I am having a problem with hash collisions using short strings in .NET4.
EDIT: I am using the built-in string hashing function in .NET.
I'm implementing a cache using objects that store the direction of a conversion like this
public class MyClass
{
private string _from;
private string _to;
// More code here....
public MyClass(string from, string to)
{
this._from = from;
this._to = to;
}
public override int GetHashCode()
{
return string.Concat(this._from, this._to).GetHashCode();
}
public bool Equals(MyClass other)
{
return this.To == other.To && this.From == other.From;
}
public override bool Equals(object obj)
{
if (obj == null) return false;
if (this.GetType() != obj.GetType()) return false;
return Equals(obj as MyClass);
}
}
This is direction dependent and the from
and to
are represented by short strings like "AAB" and "ABA".
I am getting sparse hash collisions with these small strings, I have tried something simple like adding a salt (did not work).
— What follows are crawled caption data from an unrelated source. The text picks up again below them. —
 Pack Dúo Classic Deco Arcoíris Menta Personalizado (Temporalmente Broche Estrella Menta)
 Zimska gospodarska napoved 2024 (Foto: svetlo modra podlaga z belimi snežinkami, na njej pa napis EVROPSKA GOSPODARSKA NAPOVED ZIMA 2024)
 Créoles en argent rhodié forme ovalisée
The problem is that too many of my small strings like "AABABA" collides its hash with the reverse of "ABAAAB" (Note that these are not real examples, I have no idea if AAB and ABA actually cause collisions!)
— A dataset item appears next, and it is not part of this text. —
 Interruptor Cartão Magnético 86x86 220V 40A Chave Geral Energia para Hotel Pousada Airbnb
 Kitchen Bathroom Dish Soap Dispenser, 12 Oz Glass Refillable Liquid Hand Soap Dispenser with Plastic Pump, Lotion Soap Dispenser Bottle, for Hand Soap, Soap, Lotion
and I have gone heavy duty like implementing MD5 (which works, but is MUCH slower)
I have also implemented the suggestion from Jon Skeet here:
Should I use a concatenation of my string fields as a hash code?
This works but I don't know how dependable it is with my various 3-character strings.
How can I improve and stabilize the hashing of small strings without adding too much overhead like MD5?
EDIT: In response to a few of the answers posted... the cache is implemented using concurrent dictionaries keyed from MyClass
as stubbed out above. If I replace the GetHashCode
in the code above with something simple like @JonSkeet 's code from the link I posted:
int hash = 17;
hash = hash * 23 + this._from.GetHashCode();
hash = hash * 23 + this._to.GetHashCode();
return hash;
Everything functions as expected. It's also worth noting that in this particular use-case the cache is not used in a multi-threaded environment so there is no race condition.
EDIT: I should also note that this misbehavior is platform dependant. It works as intended on my fully updated Win7x64 machine but does not behave properly on a non-updated Win7x64 machine. I don't know the extend of what updates are missing but I know it doesn't have Win7 SP1... so I would assume there may also be a framework SP or update it's missing as well.
EDIT: As susggested, my issue was not caused by a problem with the hashing function. I had an elusive race condition, which is why it worked on some computers but not others and also why a "slower" hashing method made things work properly. The answer I selected was the most useful in understanding why my problem was not hash collisions in the dictionary.